Schulunterricht im Reiz-Büro

von Heinz Grabher

Die 3. Klasse der Krankenpflegeschule Bregenz versammelt zum Schulunterricht im Reiz-Büro. Alle sitzen um einen großen Tisch und lachen in die Kamera. Im Vordergrund die Reiz-MitarbeiterInnen Claudia Fessler, Sabrina Nitz, Manuela Nitz und Süleyman Kurt.
Die 3. Klasse der Krankenpflegeschule Bregenz versammelt zum Schulunterricht im Reiz-Büro. Alle sitzen um einen großen Tisch und lachen in die Kamera. Im Vordergrund die Reiz-MitarbeiterInnen Claudia Fessler, Sabrina Nitz, Manuela Nitz und Süleyman Kurt.

Die Reiz-MitarbeiterInnen durften am 14. März eine Schulklasse der Krankenpflegeschule Bregenz im Fach Soziologie, Psychologie, Pädagogik und Sozialhygiene unterrichten. Für die Schülerinnen der 3. Klasse wurde es ein Ausflug in die Selbstbestimmt-Leben-Philosophie.

„Persönliche Assistenz“, „Selbstbestimmt Leben“ – diese zwei Begriffe hörten die Schülerinnen an diesem Vormittag sehr oft. Und sie fragten auch nach, was diese theoretischen Begriffe für Menschen mit Behinderung in der Praxis bedeuten.

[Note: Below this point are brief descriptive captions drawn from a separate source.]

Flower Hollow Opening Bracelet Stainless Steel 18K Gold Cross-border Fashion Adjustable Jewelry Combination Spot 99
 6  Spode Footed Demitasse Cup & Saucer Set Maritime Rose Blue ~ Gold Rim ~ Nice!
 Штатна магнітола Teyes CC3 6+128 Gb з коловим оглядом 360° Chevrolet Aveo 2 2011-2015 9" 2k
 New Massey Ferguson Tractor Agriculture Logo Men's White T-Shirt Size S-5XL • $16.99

Sabrina Nitz, Claudia Fessler und Süleyman Kurt gaben gerne Auskunft und berichteten aus ihren Erfahrungen.

„Um selbständig zu wohnen benötige ich derzeit drei Persönliche AssistentInnen“, berichtete Sabrina Nitz. Die Trennung vom Elternhaus sei eine normale Sache gewesen, die nicht abrupt, sondern wie bei den meisten Familien langsam erfolgte.

Wichtig für die Selbstbestimmt Leben Philosophie ist der Unterschied zwischen Betreuung und Persönlicher Assistenz. „Der/die Persönliche AssistentIn wird angeleitet in ihren/seinen Handlungen. Die Verantwortung über das Gelingen eines Unternehmens trägt der Betroffene selbst. Das bedeutet auch, dass Fehler gemacht werden dürfen – so wie jeder Mensch in seinem Leben Fehler machen darf“, erklärt Claudia Fessler.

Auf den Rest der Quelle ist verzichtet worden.